If project/engagement postmortem, use this template instead:

## Project Postmortem: {{project or engagement name}}

**Engagement period:** {{start date}} -- {{end date}}
**Team:** {{team members and roles}}
**Author:** {{who wrote this}}
**Postmortem date:** {{when this review happened}}

### Summary
(2-3 sentences: what the project was, what was delivered, overall assessment.)

### Goals vs. Outcomes

| Goal | Target | Actual | Assessment |
|------|--------|--------|------------|
| (goal 1) | (success criteria) | (what happened) | Met / Partially met / Not met |

### What went well
- (Practices, decisions, or dynamics that worked)

### What we would do differently
- (Specific changes, not blame -- what would we adjust if starting over?)

### Lessons learned

**Process:** (what we learned about how we work)
**Technical:** (what we learned about the technology or architecture)
**People:** (what we learned about team dynamics, communication, collaboration)
**Client:** (what we learned about stakeholder management, expectations, engagement)

### Recommendations for future engagements
- (Reusable patterns, warnings, or advice for the next team)

### Action items

| ID | Action | Owner | Due date | Status |
|----|--------|-------|----------|--------|
| 1 | (specific action) | (person or team) | (date) | Open |

Step 6: Facilitate the postmortem meeting (optional)

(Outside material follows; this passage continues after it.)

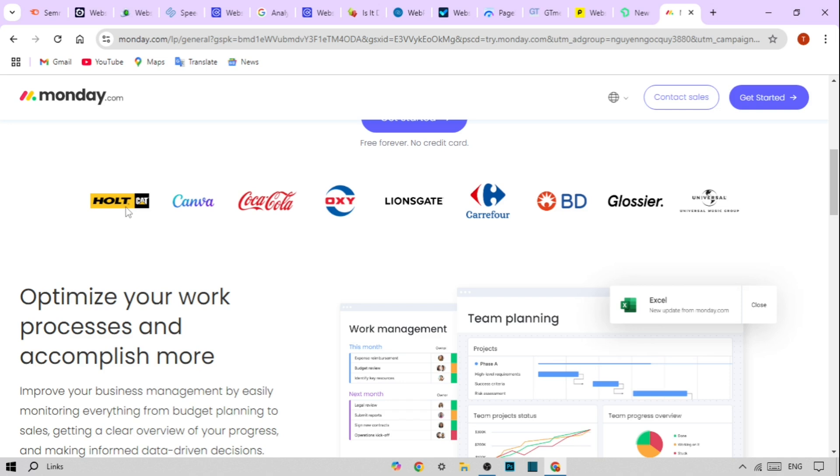Reporting and Analytics. With built-in reporting tools, you can analyze your team's productivity and project timelines. This feature helps you make informed decisions about future projects.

If the user is facilitating a live postmortem, provide this agenda:

1. Set the tone (2 min) -- "This is a blameless postmortem. We're here to learn, not to assign blame. Every action taken during the incident was reasonable given what people knew at the time."
2. Walk through the timeline (10 min) -- present the timeline, ask for corrections and additions.
3. Discuss contributing factors (15 min) -- present the factors, ask "what else made this outcome likely?"
4. Identify action items (10 min) -- for each contributing factor, ask "what would reduce the likelihood or impact of this factor?"
5. Prioritize actions (5 min) -- rank by leverage (prevent > detect > mitigate > process) and effort.
6. Assign owners and dates (5 min) -- every action item gets an owner and a due date. No orphan items.
7. Close (3 min) -- confirm follow-up schedule, thank the team.

Facilitation tips:

• If someone starts blaming, redirect: "Let's focus on what made that outcome likely, not who did what."
• If the group fixates on a single root cause, ask: "What else had to be true for this to happen?"
• If action items are vague, push for specificity: "What does 'improve monitoring' mean concretely? What metric, what threshold, what alert?"

Step 7: Discuss

Ask the user:

• Does this capture the incident accurately?
• Are there contributing factors we missed?
• Are the action items concrete enough to execute?
• Should I draft a customer-facing summary or internal announcement?
• Want me to set up a follow-up action item review prompt?

Output location

Present the postmortem document as formatted text in the conversation or save to a file if requested.